Dear Writing Club,
I'm in Katipunan right now, in a condo unit 18 floors up in the sky. It's raining out, and I hope Marj and Bes remember the scene that greeted us every time it rained. We look through the windows of our beloved 16b and all we see is white. Katipunan is wet and the cars are rushing past, puddles parting before their wheels. Almost poetically, I'm writing by the window, haha. :)
I should be getting back to Las Pinas but it's raining and I'd rather commute with the my feet dry. I could tell you about my roommate who fantastically outdoes herself (again) and manages to make my life problematic (again) even if she's thousands of miles away, or I could tell you about the wonderful few days I had with Oli where so many I-love-you's (said, heard and felt) have been densely compacted to a few days. The sensation is curiously unnerving and comforting at the same time. Or I could tell you about me and writing.
I started a writing blog a couple of months ago, apart from the comings-and-goings-of-my-life blog. There are only a smattering of entries there-- things get in the way of writing. The most common excuse applies to me-- school. But a deeper excuse lies unsaid until now: writing had always scared me a little.
Maybe failure is a little too intolerable if it about something you like so much. What if it sucks?
I have this unexplainable fear of not being able to say anything. And when I do manage to say something, I'm afraid it would learn something about myself I wouldn't want to find out? I'm scared to think I'm darker than I really am.

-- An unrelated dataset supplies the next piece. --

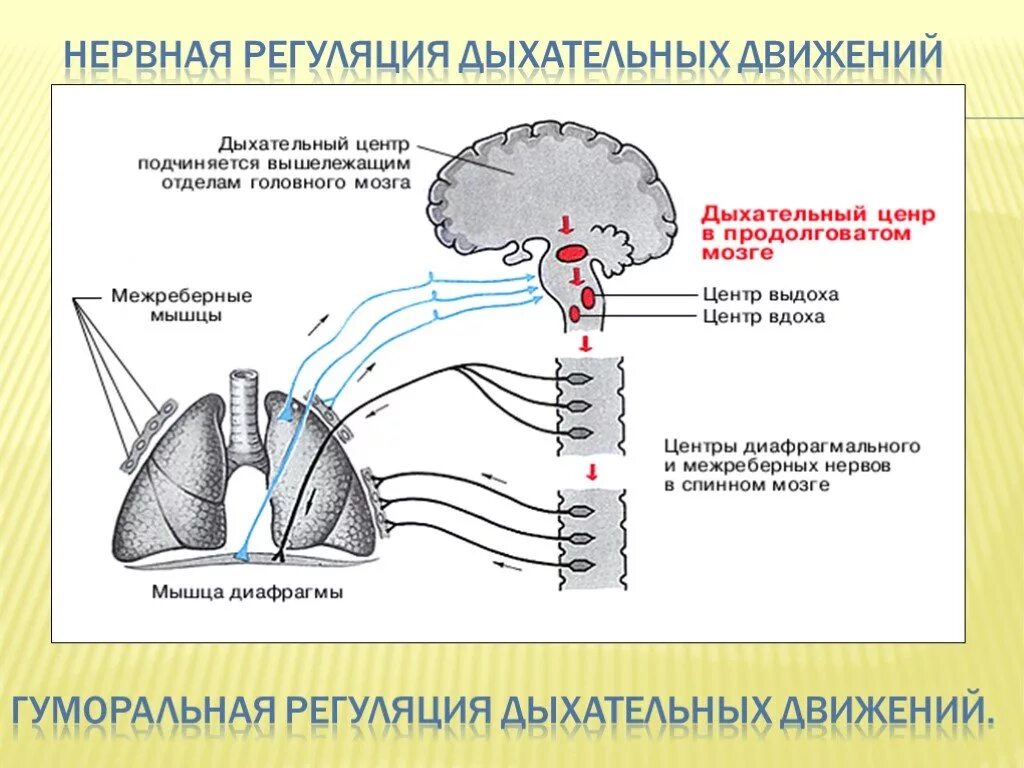 Нервная регуляция дыхания дыхательный центр. Центральные механизмы регуляции дыхания. Рефлекторная дуга дыхательных движений. Рефлекторная регуляция дыхания схема.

Roughly a month ago, I decided to commit to writing. It was one of the conclusions of my silent retreat in a scenic Jesuit villa in Baguio. I'm too much of a cerebral person, you see. And when I'm threatened or confronted with something unfamiliar, I retreat to my thick brain. Not all things can get through those discriminating gates- I find that a lot of things are left out in the cold and rendered unintelligible. Love, for instance, can't be taken apart and analyzed. I suppose only the heart sees that, and my heart had been so mum because for so long she's been trailing after a very chatty brain.

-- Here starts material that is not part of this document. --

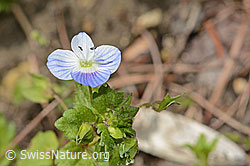 Veronica persica (C362316) Veronica persica (C362316)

Somewhere, my heart needs to learn how to sing.
Maybe in poems and stories? ü
I'm looking forward to reading your stories! I've read some of Marj's and Bes's works- and I'm always amazed (Wow, how'd they write THAT?) I haven't read any of Ge's work so I'm especially excited about that too. (Ge, I have an idea though, haha. Marj sang to me a song you wrote and I had no idea how you were able to think about those lyrics. I remember it was really good. ü)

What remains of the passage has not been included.